Johann de Bono, PhD, MB, ChB: I would like to add to that. There is quite a lot of work indicating that the more indolent cancers have much fewer genomic aberrations, deleterious aberrations. For example, a paper in PNAS by Charles Sawyers’ group indicates that the less genomic aberration burden you have, the more indolent the disease. In fact, if you look at all the data emerging from ICGC, TCGA, and even other groups on the genomics, it’s quite apparent that the more indolent cancers have much, much less burden genomically. What’s also emerging is that if you have significant intra-patient, inter-tumor cell heterogeneity—that is the genomic instability that Bertrand mentioned—these cancers are much more likely to be lethal. This is going to be, probably, impactful overall with regards to selecting patients for more or less aggressive disease and maybe even different therapies.

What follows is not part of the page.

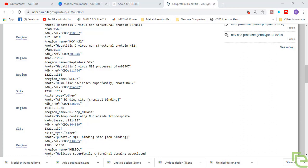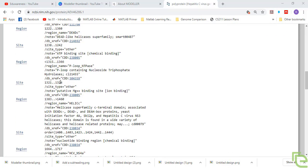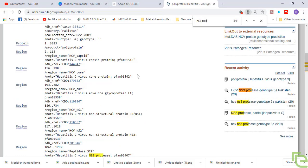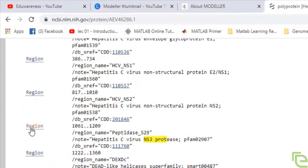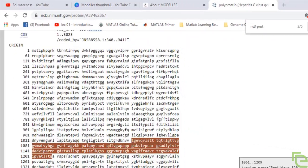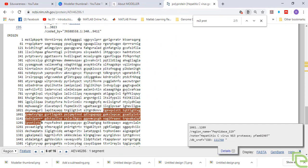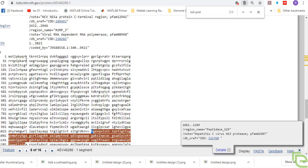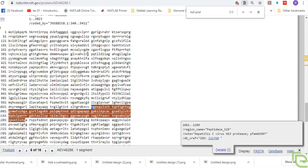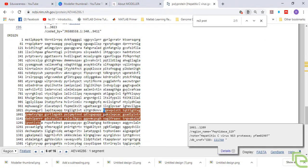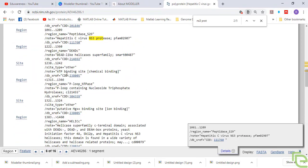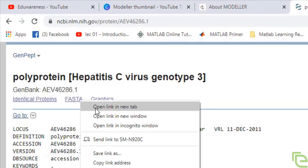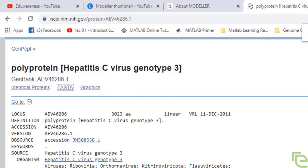If we search NS3 protease, this is the NS3 protease region. From the whole polyprotein, this is the region responsible for its function. We cannot use the whole sequence because it is the whole polyprotein — we only need the highlighted sequence. So we'll save the FASTA sequence of the whole polyprotein.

Clearly, there’s evidence that, actually, DNA-repair defective cancers have a worse prognosis from diagnosis. I think there’s quite strong evidence for that, particularly BRCA2, and this may impact therapy. So, it is possible, although we haven’t got the data yet, that the local therapy we give in cancers that have, say, HRD defect or mismatch repair defect may need to be a different local therapy versus in cancers that don’t. But these are questions that need to be addressed in clinical trials, and I don’t think that today we can be making any recommendations about these data.

Chris Parker, MD, FRCR, MRCP: If we’re talking about men on active surveillance with localized disease, then the clinical decision is, do we treat them or not? I’m a bit skeptical about the value of these commercial genetic tests, because they’ve been developed in men who are not having MRI scans. The standard of care right now, especially in the United Kingdom, for active surveillance is to monitor with MRI. So, these commercial tests are only going to be helpful if they give added value over and above what we’re already getting from MRI.

Johann de Bono, PhD, MB, ChB: The concern is actually that with the lethal lesion, a small lesion that is perhaps not part of the main tumor mass and the MRI may even miss it, this is probably never going to be feasible with these assays.

Bertrand Tombal, MD, PhD: That’s where you see that actually, even if you take standard nomograms and are adding these genetic tests on top of that, you have an added value that remains modest. So, it really means that the sampling error and the intra-patient heterogeneity is not something these tests are capturing worldwide now.